Increasing 2021 Financial Guidance
EnLink is raising its full-year 2021 financial guidance following a review of business activities. EnLink continues to benefit from a supportive commodity price environment and a ramp up of producer activity. Net Income guidance is increasing $60 million to $135 million at the midpoint. Adjusted EBITDA guidance is increasing approximately 7% at the midpoint to $1.04 billion from $970 million. EnLink now forecasts to generate $350 million in free cash flow after distributions at the midpoint of the guidance range. With the improved outlook, EnLink forecasts full-year 2021 leverage will approach its target of under 4x.
$millions, unless noted |
Prior |
Updated |
Net Income |
45 - 105 |
125 - 165 |
Adjusted EBITDA, net to EnLink |
940 - 1,000 |
1,020 - 1,060 |
Capex, net to EnLink, & Plant Relocation Costs |
140 - 180 |
165 - 195 |
Free Cash Flow after Distributions |
275 - 325 |
335 - 365 |
Debt-to-Adjusted EBITDA* |
4.2x - 4.4x |
4.0x - 4.2x |
*As calculated under EnLink's credit revolver
To accommodate higher volumes in the Permian, EnLink has increased the capex range modestly. Through capital light expansions, EnLink will increase Midland processing capacity by 29% or 150 million cubic feet per day (MMcf/d) in 2021, bringing our total Midland capacity to approximately 660 MMcf/d. These expansions include the Project War Horse plant relocation project and other design improvements at processing plants. The updated capex also includes a new crude terminal in the Permian to support producer activity and represents an attractive low single digit multiple.
An updated investor presentation is available under Events and Presentations in the Investors section of the Company's website at www.enlink.com.
Adjusted EBITDA and free cash flow after distributions used in this press release are Non-GAAP measures and are explained in greater detail under "non-GAAP Financial Information" below.
Formation of Carbon Solutions Group
EnLink has formed a new group, EnLink Carbon Solutions, to identity and pursue energy transition opportunities, including a focus on CCUS. The group is focused on finding CCUS synergies that align with EnLink's extensive Louisiana footprint, which contains approximately 4,000 miles of pipeline and is connected to one of the nation's largest concentrations of industrial CO2 emissions.
EnLink and its predecessors have decades of experience operating in Louisiana.

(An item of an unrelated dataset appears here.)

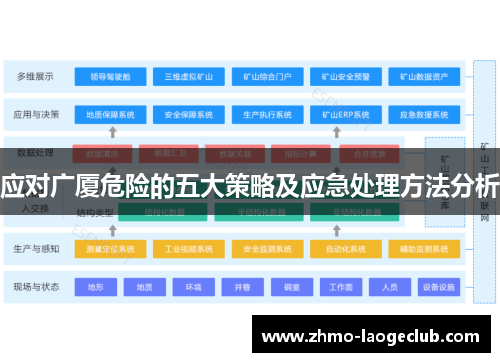 应对广厦危险的五大策略及应急处理方法分析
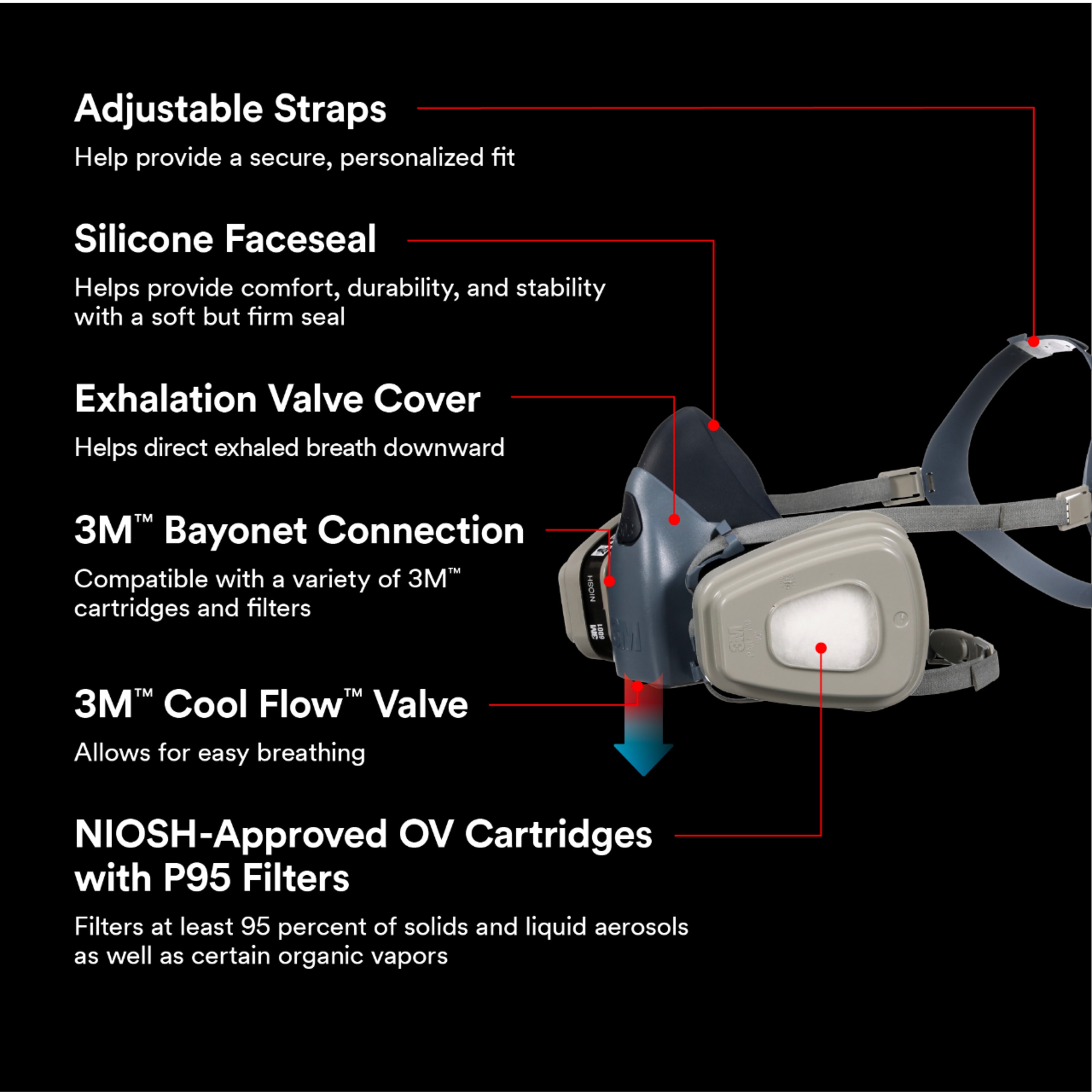 3M 7512P1-DC respirators - View #5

EnLink Carbon Solutions will build upon longstanding customer relationships by developing carbon solutions service offerings that are mutually beneficial for EnLink, its customers, and the State of Louisiana. The group will specifically focus on opportunities for additional assets and service offerings that are tailored to meet energy demand and are supportive of the ongoing energy transition.
EnLink has appointed Scott Goldberg as the leader of the Carbon Solutions Group. Goldberg joined EnLink over a decade ago and has a background in engineering, legal, and corporate development that will be well suited to developing opportunities in his new role.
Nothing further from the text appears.